Malvolio and Sir Toby Belch are plum roles for veterans and I was very pleased to see that old hand Richard Piper playing Sir Toby.

 Sir Toby is basically the embarrassing old uncle who gets drunk at the family barbecue and gropes the female guests, and who is - let’s face it - a parasite, both on his niece and his friend Andrew, but he does have that wonderful line, “Dost thou think, because thou art virtuous, there shall be no more cakes and ale?” which is a great comeback to the wet blankets of this world. 

And Richard Piper played it very well indeed! 

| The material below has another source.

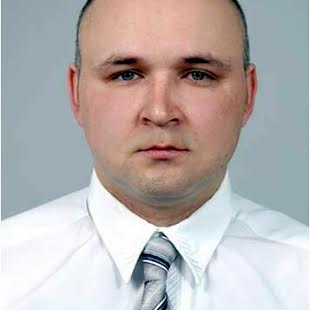 Рябко Ігор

Anyway, a wonderful afternoon in the theatre, and if you live in Melbourne it’s on till about January 9. If you  don’t, and haven’t read or seen the play, please do! 


Cathy Kennedy said...


I haven't been a to a play outside of a school auditorium. I remember when acting companies would travel around rural communities in West Virginia. It was a special treat for us to see budding actors/actresses entertain my very impressionable mind. I have no clue if any of these people went on to make it big in showbiz but it certainly was a lot of fun to watch. Sounds like you and your sister enjoyed a good performance. Have a very Merry Christmas!

Sue Bursztynski said...

Thanks, Cashy! I am lucky, having always lived in the big city. When I was in my teens I used to go to the Australian ballet youth nights, where all the lead dancers were recently promoted out of the corps de ballet. Then they would be promoted again and we didn’t see them any more on those nights - many of them DID go on to become stars! Nothing wrong with amateur drama, either. There are some very good amateur companies and many professional actors perform in them in between paid gigs. I once saw a performance of A Funny Thing Happened On The Way To The Forum that was better than the professional one I had seen, and the guy playing Jud Fry in an amateur Oklahoma! I saw was on his way to the professional stage(he was about to be an understudy in a tour of Porgy And Bess).

Brian Joseph said...

I love Twelfth Night. I have seen it several times live myself and I do not think that I have seen a bad production. I like the way that you ran through the characters. You mentioned some things that I never realized and that I will watch out for when I read it or see it again.

Sue Bursztynski said...

Glad I was able to mention some things you hadn’t thought of, Brian! A delightful play! I bet you haven’t seen it in a different language, though. I once saw it in Hebrew, in the Habimah theatre in Tel Aviv. Before the show, I got a cuppa and sat outside in Tel Aviv’s Main Street, Duzengoff, to refresh my memory of the play. A passing Israeli, who must have known some English, saw me and stopped to chat about it in Hebrew. It was in modern dress, as I recall, and Feste did a one man band thing. Olivia was playing tennis in her first scene, wearing a black tennis drss(mourning).